PROBLEM TO WORK ON: Lines with "fundo": copy each one from the listing below.

INPUT MATERIAL:
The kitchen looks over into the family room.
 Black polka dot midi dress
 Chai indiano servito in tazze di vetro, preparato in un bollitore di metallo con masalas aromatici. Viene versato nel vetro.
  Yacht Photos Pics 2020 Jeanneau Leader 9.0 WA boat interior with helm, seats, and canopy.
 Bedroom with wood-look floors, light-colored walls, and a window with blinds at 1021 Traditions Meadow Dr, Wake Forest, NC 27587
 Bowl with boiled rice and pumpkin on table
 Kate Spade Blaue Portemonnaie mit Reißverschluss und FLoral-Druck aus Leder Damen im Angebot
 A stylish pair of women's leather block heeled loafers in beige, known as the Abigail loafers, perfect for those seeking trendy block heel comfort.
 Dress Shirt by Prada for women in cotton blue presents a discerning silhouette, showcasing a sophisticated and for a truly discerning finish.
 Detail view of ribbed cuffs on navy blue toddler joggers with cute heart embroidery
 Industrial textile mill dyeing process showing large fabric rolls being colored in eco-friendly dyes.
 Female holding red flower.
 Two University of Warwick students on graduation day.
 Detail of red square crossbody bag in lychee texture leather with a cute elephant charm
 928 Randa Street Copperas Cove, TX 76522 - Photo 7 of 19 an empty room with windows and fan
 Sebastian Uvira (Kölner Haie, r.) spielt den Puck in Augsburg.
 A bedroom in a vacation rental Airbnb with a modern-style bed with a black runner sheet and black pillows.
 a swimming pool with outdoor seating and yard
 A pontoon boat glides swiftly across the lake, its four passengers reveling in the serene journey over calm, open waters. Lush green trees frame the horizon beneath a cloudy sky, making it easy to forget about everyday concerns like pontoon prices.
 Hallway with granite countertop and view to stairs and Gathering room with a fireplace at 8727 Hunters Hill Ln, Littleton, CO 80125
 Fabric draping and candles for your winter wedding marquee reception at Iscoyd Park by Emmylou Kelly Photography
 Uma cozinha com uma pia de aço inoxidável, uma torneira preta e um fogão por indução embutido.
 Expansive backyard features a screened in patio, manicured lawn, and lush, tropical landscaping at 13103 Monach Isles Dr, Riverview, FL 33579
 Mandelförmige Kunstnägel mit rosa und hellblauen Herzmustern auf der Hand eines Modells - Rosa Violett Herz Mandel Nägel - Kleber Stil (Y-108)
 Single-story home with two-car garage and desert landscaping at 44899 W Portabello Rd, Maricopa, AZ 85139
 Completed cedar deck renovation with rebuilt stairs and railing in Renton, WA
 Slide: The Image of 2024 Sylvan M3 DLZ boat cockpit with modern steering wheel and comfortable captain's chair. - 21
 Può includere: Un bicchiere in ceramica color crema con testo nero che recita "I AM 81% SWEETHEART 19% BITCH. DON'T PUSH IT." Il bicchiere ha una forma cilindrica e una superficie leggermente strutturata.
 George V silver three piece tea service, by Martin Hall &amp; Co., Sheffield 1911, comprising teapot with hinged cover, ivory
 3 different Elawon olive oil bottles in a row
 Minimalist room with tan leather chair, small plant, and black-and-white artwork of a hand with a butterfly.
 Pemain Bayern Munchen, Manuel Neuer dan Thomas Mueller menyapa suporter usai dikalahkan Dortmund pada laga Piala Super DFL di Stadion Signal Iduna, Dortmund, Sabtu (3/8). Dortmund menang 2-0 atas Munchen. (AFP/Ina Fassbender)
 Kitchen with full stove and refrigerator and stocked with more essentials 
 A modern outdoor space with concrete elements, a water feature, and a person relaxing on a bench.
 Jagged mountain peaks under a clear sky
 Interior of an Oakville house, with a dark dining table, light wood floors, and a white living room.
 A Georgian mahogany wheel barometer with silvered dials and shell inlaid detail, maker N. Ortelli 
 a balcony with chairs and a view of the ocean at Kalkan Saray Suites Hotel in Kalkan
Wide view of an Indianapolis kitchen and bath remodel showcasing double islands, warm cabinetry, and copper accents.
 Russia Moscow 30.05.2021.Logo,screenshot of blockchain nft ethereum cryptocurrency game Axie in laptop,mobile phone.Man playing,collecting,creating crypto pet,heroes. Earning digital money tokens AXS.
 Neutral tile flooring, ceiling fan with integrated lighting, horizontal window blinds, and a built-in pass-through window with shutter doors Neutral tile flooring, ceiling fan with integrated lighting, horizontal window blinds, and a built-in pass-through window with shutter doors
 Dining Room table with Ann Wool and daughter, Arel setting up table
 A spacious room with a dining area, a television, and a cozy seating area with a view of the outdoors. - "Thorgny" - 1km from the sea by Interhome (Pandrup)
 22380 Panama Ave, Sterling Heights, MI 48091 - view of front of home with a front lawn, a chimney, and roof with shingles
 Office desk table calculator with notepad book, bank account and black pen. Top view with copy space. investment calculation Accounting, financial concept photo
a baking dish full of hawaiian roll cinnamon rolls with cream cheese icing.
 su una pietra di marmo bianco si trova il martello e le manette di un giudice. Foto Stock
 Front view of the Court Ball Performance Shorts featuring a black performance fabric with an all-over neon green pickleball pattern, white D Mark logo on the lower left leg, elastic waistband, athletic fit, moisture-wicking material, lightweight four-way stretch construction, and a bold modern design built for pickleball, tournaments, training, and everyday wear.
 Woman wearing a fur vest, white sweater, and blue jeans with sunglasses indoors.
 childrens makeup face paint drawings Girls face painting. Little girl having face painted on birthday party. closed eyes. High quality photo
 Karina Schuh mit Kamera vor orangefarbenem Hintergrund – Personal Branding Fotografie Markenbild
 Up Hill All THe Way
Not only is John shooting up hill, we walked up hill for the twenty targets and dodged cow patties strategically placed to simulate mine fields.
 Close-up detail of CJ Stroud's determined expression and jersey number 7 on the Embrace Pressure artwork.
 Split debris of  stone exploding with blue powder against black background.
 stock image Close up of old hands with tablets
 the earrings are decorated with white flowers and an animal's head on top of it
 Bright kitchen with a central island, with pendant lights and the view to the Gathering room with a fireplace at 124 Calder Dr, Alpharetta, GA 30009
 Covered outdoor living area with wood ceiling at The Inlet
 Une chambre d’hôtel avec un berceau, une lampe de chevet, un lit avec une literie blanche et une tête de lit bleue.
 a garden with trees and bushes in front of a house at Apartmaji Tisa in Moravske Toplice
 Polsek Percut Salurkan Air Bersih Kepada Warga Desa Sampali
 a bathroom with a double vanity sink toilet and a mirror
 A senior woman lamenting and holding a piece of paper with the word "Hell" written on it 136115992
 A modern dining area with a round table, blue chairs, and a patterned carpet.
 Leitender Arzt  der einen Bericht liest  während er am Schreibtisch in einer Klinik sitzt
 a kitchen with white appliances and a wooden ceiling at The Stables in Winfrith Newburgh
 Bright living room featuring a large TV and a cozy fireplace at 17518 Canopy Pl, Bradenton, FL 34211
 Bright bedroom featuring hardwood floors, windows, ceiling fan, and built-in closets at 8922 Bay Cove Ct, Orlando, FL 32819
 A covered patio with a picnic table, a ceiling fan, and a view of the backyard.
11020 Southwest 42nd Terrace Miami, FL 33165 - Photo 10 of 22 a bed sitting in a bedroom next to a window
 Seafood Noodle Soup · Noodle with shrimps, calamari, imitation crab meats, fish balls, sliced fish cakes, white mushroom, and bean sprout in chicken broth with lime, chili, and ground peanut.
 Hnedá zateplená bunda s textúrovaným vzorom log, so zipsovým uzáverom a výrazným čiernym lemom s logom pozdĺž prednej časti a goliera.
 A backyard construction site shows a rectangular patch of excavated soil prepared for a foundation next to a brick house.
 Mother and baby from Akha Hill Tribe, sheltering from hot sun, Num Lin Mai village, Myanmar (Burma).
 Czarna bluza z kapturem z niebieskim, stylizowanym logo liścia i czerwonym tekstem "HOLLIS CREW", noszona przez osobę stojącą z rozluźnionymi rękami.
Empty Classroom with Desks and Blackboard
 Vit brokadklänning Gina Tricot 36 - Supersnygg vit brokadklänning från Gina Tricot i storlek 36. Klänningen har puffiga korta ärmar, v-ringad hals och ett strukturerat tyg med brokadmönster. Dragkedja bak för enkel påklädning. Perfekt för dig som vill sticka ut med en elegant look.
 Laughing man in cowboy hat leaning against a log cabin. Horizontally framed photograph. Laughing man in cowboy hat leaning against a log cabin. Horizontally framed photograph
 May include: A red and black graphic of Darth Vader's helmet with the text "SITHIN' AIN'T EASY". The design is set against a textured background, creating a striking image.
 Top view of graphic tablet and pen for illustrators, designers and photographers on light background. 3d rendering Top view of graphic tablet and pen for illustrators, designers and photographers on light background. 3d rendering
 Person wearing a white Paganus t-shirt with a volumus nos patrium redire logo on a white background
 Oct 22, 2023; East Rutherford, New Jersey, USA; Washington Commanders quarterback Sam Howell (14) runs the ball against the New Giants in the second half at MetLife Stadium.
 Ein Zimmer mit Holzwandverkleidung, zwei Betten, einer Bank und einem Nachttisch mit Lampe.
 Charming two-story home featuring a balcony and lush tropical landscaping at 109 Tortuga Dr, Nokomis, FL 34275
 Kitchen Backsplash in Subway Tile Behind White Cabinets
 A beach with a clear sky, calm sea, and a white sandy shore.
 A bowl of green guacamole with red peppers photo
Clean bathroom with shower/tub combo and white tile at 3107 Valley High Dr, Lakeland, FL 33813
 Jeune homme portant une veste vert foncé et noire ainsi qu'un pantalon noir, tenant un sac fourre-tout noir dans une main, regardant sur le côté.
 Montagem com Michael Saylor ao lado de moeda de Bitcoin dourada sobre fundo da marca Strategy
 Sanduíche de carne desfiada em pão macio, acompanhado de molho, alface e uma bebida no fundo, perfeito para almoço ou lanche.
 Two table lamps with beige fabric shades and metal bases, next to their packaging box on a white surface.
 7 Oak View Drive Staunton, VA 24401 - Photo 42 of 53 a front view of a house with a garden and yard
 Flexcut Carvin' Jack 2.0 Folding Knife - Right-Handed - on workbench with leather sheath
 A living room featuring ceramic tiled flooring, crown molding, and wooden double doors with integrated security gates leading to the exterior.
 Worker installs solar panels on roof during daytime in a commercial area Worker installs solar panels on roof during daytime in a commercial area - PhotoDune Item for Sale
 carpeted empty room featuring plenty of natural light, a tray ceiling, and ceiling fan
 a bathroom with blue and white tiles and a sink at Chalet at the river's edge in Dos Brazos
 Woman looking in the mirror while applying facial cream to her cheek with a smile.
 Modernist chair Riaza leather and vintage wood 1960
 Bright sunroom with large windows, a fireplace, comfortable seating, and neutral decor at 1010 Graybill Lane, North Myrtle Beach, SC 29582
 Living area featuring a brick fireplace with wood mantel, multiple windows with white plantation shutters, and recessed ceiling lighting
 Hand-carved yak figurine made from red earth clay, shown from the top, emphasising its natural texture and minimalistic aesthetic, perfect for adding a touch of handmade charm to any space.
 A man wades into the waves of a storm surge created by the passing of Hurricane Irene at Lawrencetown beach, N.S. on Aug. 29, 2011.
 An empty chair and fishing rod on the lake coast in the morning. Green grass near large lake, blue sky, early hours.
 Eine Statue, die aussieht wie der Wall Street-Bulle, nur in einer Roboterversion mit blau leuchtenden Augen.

ANSWER TO THIS PROBLEM:
 Montagem com Michael Saylor ao lado de moeda de Bitcoin dourada sobre fundo da marca Strategy
 Sanduíche de carne desfiada em pão macio, acompanhado de molho, alface e uma bebida no fundo, perfeito para almoço ou lanche.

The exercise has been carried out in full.